Customer churn represents lost opportunities as customers move their business to one of your competitors. At Aunalytics, we have nearly a decade of experience developing such models for clients in various industries, including financial institutions. For client subscribers to our Daybreak™ Analytical Database, the churn propensity report Smart FeatureTM offers a uniquely valuable dataset for understanding the risk factors that could indicate customers are about to take their business elsewhere.

The algorithm behind this Smart Feature was developed by studying historical customer churn data from many different client institutions to discover common patterns in the typical behaviors that precede account churn. One key approach to developing this algorithm was to redefine churn beyond simply customers who closed an account; instead, churn was defined to include customers who suddenly drew down a high-balance account and never returned that account balance to its previous level after a period of months. By looking at the data in this way, our data scientists were able to understand that the behaviors that predict churn often happen many months or years before an account is actually closed—for example, a customer stops using direct deposit or bill pay services, then withdraws most of the balance a few weeks to months later but doesn’t actually close the account for a few years.

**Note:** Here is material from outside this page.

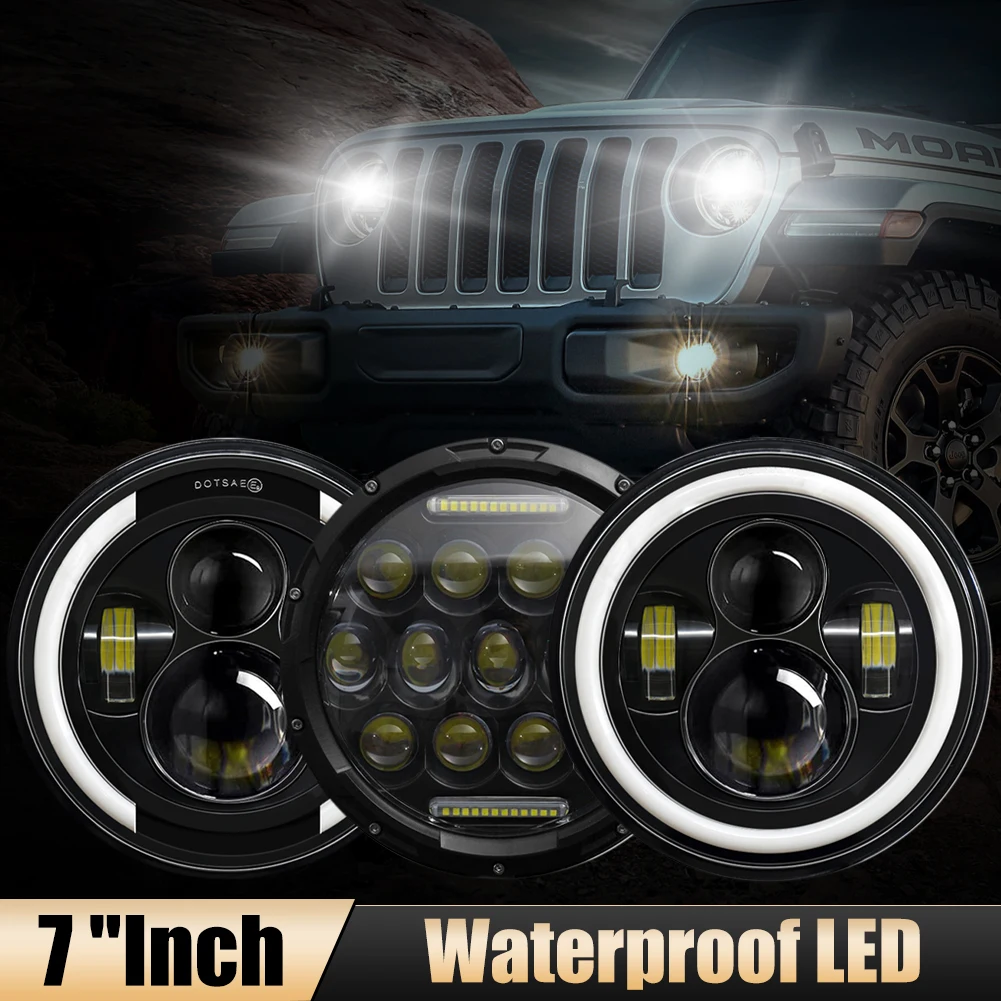 7 inch LED Headlight Angel Eye White DRL High Low Beam with Amber Turn Signal CREE LED Headlamp Waterproof for Motorcycle SUV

Churn AlgorithmBased on this deeper look at the data, Aunalytics has been able to develop an algorithm that looks at numerous factors such as customer transactional data, the age of the account, the presence of ACH deposits prior to churn, number of debit card transactions per month, online banking login frequency, and length of the total customer relationship, among others. Once this algorithm is trained on a client’s data, we can provide that client with propensity to churn scores expressed both as a standard percentile (e.g. absolute probability in the range of 0-100%) and a decile score (e.g. a score from 1-10 where 1 is the group composed of the 10% of customers least likely to churn and 10 is the 10% most likely to churn). Using these Smart Features, our clients in financial services can understand immediately what the likelihood is that a customer will churn, or build datasets to target customers at risk of churn with offers and incentives that might keep them actively using those financial products.